- [What to work on]: Within the entries below, please return exactly the lines from the one with "Building Photo - 26986 Crown Haven Dr" through the one with "Property at 185", leaving out any pictures.

- [Recorded data]:
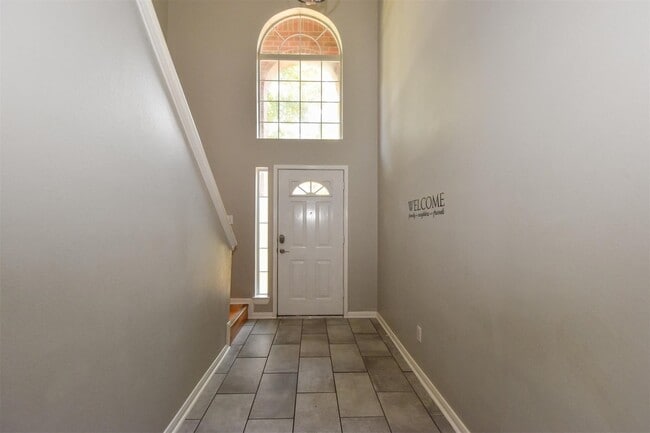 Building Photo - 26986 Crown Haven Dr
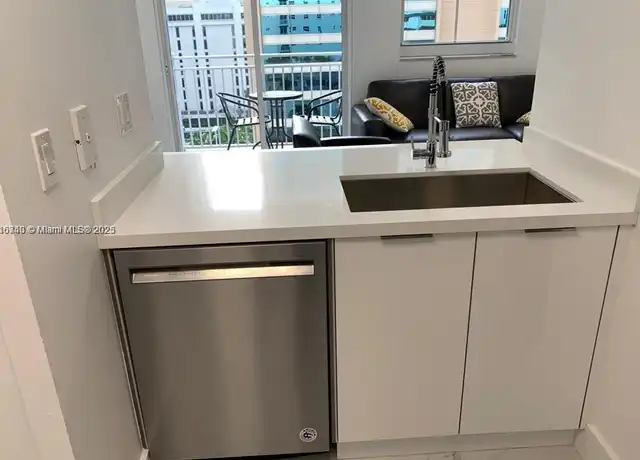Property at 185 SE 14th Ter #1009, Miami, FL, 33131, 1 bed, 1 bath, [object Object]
--
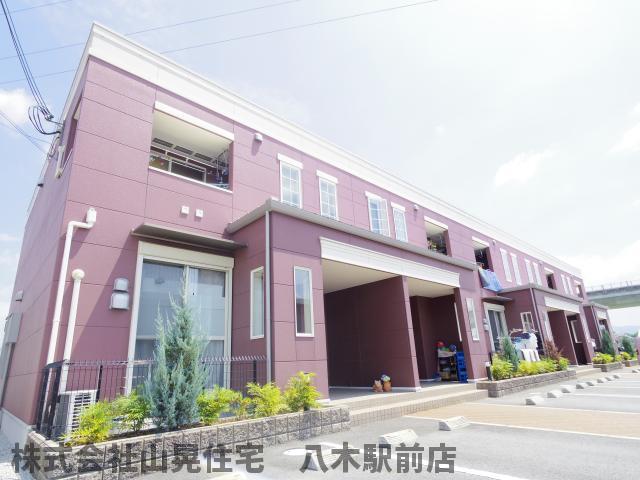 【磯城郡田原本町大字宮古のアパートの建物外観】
==
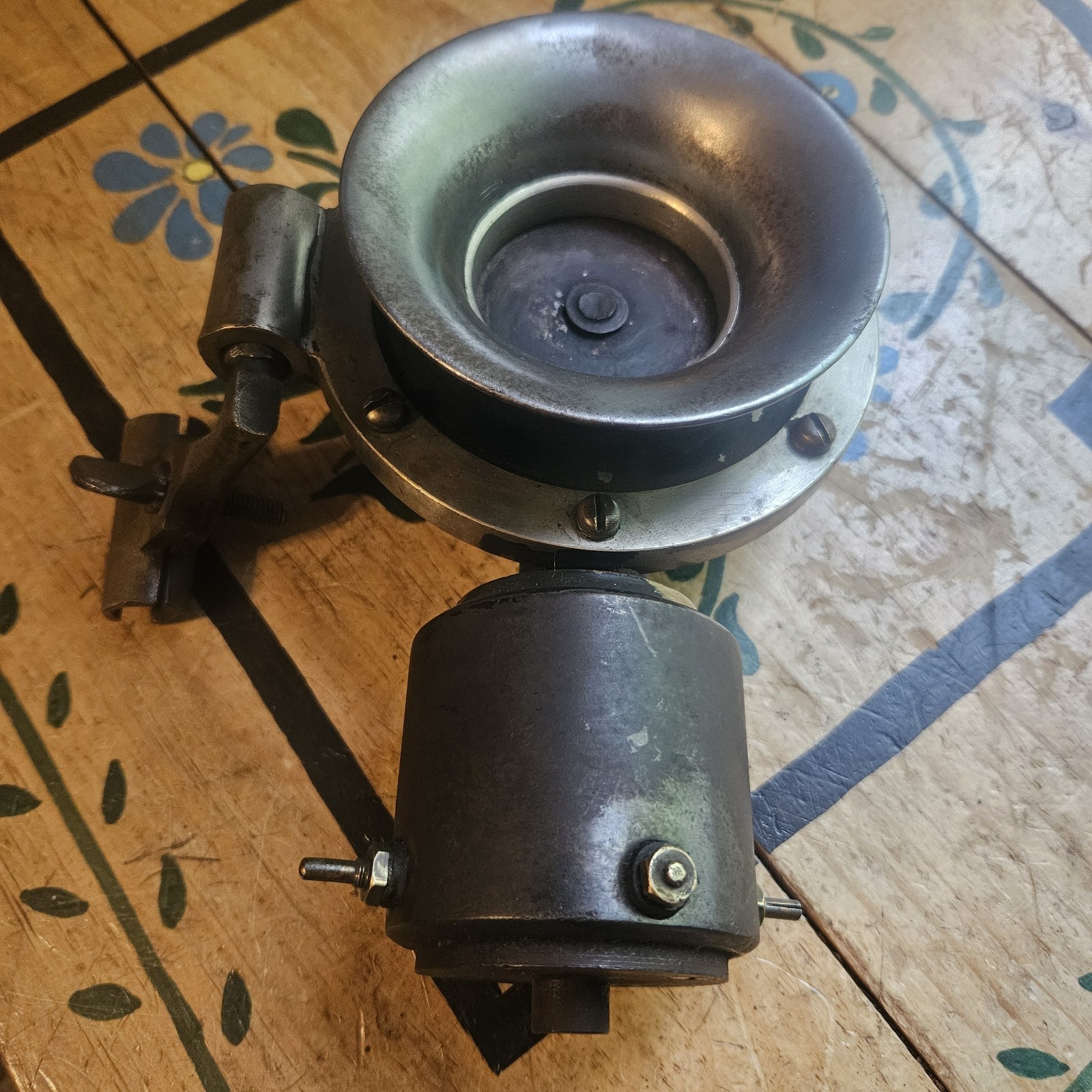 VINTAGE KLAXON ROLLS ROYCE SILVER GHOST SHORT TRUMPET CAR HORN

- [Written solution]:
 Building Photo - 26986 Crown Haven Dr
Property at 185 SE 14th Ter #1009, Miami, FL, 33131, 1 bed, 1 bath, [object Object]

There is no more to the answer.